Murine pre-implantation embryos were fixed with 4% buffered paraformaldehyde solution for 15 min at RT. Embryos were exposed to 0.25% Triton X-100 and then incubated with primary antibodies overnight at 4°C. Following a wash with phosphate buffered saline, cells were incubated with secondary antibodies and then observed and photographed with the aid of a Nikon confocal microscope.

Statistical Analysis

The results are presented as the mean±SD. Data were analyzed by one-way ANOVA and LSD tests using the SPSS13.0 software (SPSS Inc, Chicago, IL, USA).The difference was considered statistically significant at P<0.05.

Results

SHP-1 arrests Early Embryonic Development

SHP-1 has been implicated in the regulation of a multiplicity of cell signaling pathways [2], but the function of SHP-1 in embryos is relatively unknown. In the pre-implantation embryo, Nanog expression was detected in the morula and blastocyst, which was down-regulated after implantation. Down-regulation of Nanog may be critical to restrict expansion of the epiblast [22]. To prove this, we analyzed the distribution of SHP-1 and Nanog mRNA at precisely defined stages from the zygote until the late blastocyst stage during pre-implantation (Fig. 1A, B). The immunohistochemistry results showed that Nanog was first expressed in the morulae where SHP-1 expression was down-regulated and its expression in the blastocyst was confined to the inner cell mass but absent from the trophectoderm (Fig. 1C). To elucidate the function of SHP-1 in early embryonic development, SHP-1 was over-expressed in 8-cell embryos; the transfection efficacy in this experiment was tested by observing the gene expression after overexpression or silencing (Fig. 1D, G).

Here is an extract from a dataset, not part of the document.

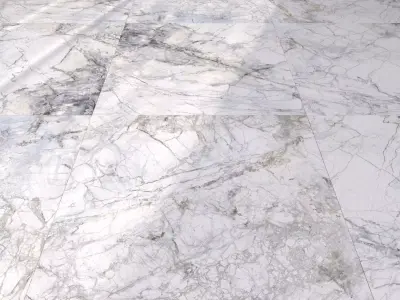 Marble Floor Museums Supreme White 60x60 Texture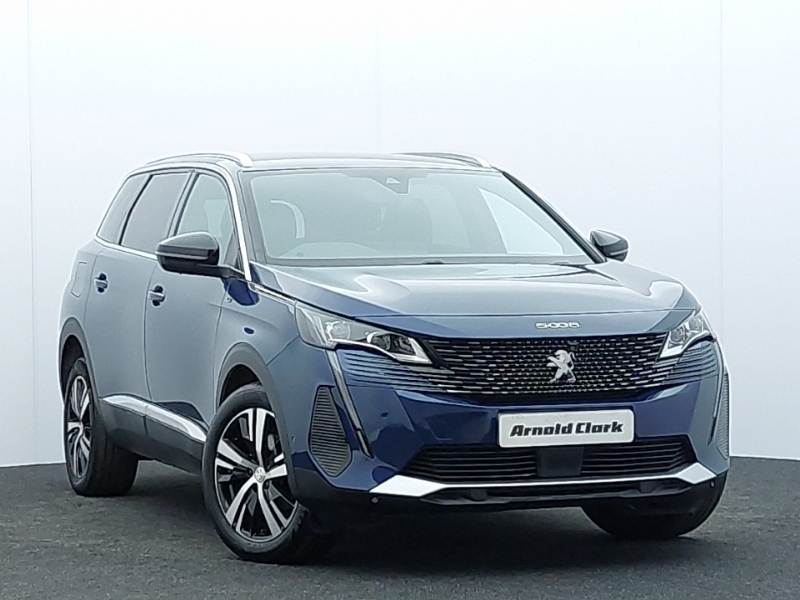 Peugeot 5008 1.2 Puretech Gt Eat8 Blue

As a result, embryos electroporated with pCMV-MYC-SHP-1-V1/V2 appeared to be arrested, whereas embryos in the control group reached the blastocyst stage. Embryos over-expressing SHP-1 were mainly arrested at the 8-cell stage (Fig. 1E). The Nanog mRNA of each group was also detected (Fig. 1F). Similarity, as we knockdown Nanog in 8-cell, the embryos were mainly arrested at the 8-cell stage (Fig. 1H, I). The results above indicated that SHP-1 can affect early embryonic development, and Nanog may involve in this regulatory network.

Figure 1. SHP-1 arrest early embryonic development via downregulated Nanog.

Figure 1

A–B: The mRNA of SHP-1(A) and Nanog (B) at precisely defined stages from the Zygote until the late blastocyst stage. C: Immunofluorescence was performed to detect SHP-1 and Nanog in mouse pre-implantation, each sample was counterstained with DAPI (blue) to visualise DNA, anti-NANOG (red) and anti-SHP-1 (green) antibodies(Original magnification ×200). D:The transfection efficacy in this experiment was tested by observing the SHP-1 expression after overexpression. E: The SHP-1 overexpressed embryos were mainly arrested at the 8-cell stages. F: The mRNA of Nanog in SHP-1 overexpressed embryos. G: The Nanog expression after silencing. H: The Nanog knockdown embryos were mainly arrested at the 8-cell stages. I: The mRNA of Nanog in Nanog knockdown embryos. All data are presented as the mean +/− SD and are derived from three independent experiments. *P<0.05; **P<0.01; EP control: electroporated control.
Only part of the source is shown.